The object of the puzzle is to assemble 12 burrs to form a cubic cage. Conceptually, a burr's end can be one of 3 types, say, A, B and C, and a burr itself can be straight or twisted 90 degree. It turns out that there exists 12 kinds of burr; A-A, A-B, A-C, B-B, B-C, C-C and A+A, A+B, A+C, B+B, B+C, C+C (the sign indicates straight or twisted). The burrs of the puzzle collects all of these kinds as you can see in the first picture above. A construction of 3 ends of burrs at a vertex of the cage must consist of all 3 types; which can be one of 2 types, each of which enantiomorphic to the other ('left-hand' and 'right-hand'). Whether constructions at 2 adjacent vertices are enantiomorphic or isomorphic depends on the twisting of the burr connecting the vertices (isomorphic if twisted).
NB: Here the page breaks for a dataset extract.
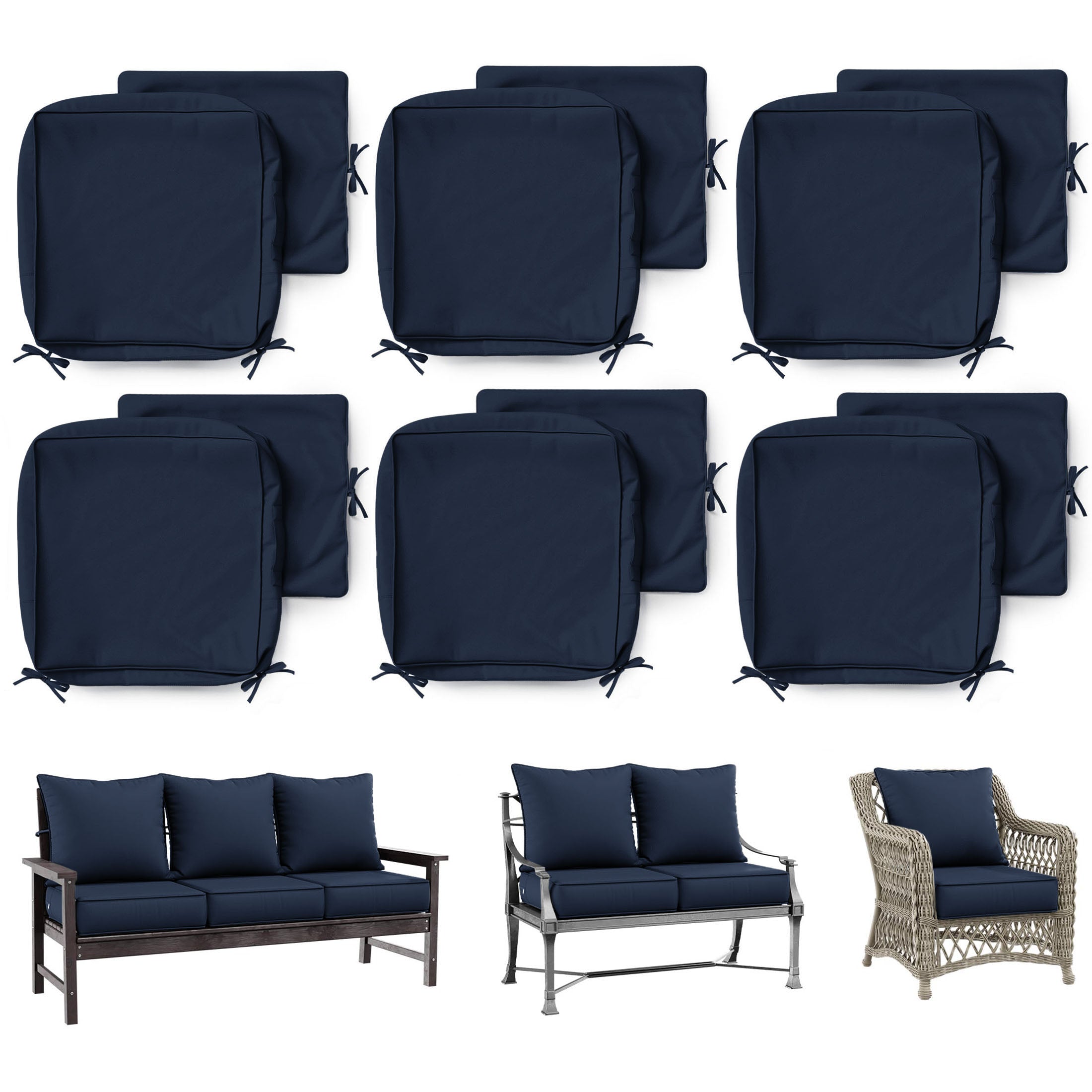6 Pack Patio Cushion & Pillow Cover Set Navy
The design and crafting in the picture is rough and ready. Two designs given in the following figures may be more well polished. Since the design in the second figure contains one solid plain burr, it may have more constructable solutions than the first one (and actually, it does have).
Below is an excellent craft work made by Eric Fuller - product page) The work in the picture is a unique copy specially made for me which consists of 3 kinds of wood; thanks! Eric. This is truly accurate craft work which materialized both very little clearance and smoothness of construction.
The picture below illustrates a solution which is impossible to construct. Thus, one piece is not put in.
The object is to form a regular dodecahedron cage with 10 pieces shown in the first of the above pictures.
Pieces collects all possible assemble of vertices and edges of regular dodecahedron such that:
(1) a piece must consist of 2 vertices connected with an edge.
(2) a piece can have 0 through 4 edges (without counting the edge connecting the 2 vertices) connected to the 2 vertices.
For the pieces in the rightmost 3 columns of the above picture, the lower row is mirror image of the upper row.
Actually, the design above has a problem that it is awkward to construct the cage, since the connection of 2 vertices in the same piece is not flexible. Using magnets as connecters will make it ease (though one might need to label them so that S pole and N pole to be distinguishable).
Do not put it near hook-bills. They will panic.
In the above puzzle, the connections between 2 pieces are 'stick and hole'. If one change it to 'handshake' (i.e. the sticks and holes are replaced with right and left hands), another design will be made. The figure below illustrates a solution for each design. The left diagram illustrates the solution of former one and the right illustrates the latter one.
[Caution: Both this puzzle and the next puzzle 'Cubes + Squares' are impossible because of parity inconsistency.]
The object of the puzzle is, using 8 cubes and 6 tiles of 2x2 shown in the figure above, to form a cube of 2x2x2 and cover 6 faces of the cube with the 6 tiles, where every faces of 1x1 must match so that diagonal lines are orthgonal each other.
The physical design can be given as at lower right of the figure above.
Another puzzle will be made by using medians instead of using diagonal lines as given in the figure above. The logic is equivalent to the previous puzzle if diagonal lines are matched parallel.
Mr. Ishino informed me that the above 2 puzzles are impossible. He also informed me that there are 820800 (or 823680 for the latter one) solutions if one construct only a cube of 2x2. Huge number of solutions! Why imppossible? I thought that there must be a mathematical logic in it. And there exists. For me, it is very complicated to explain it here in English (learn Japanese...).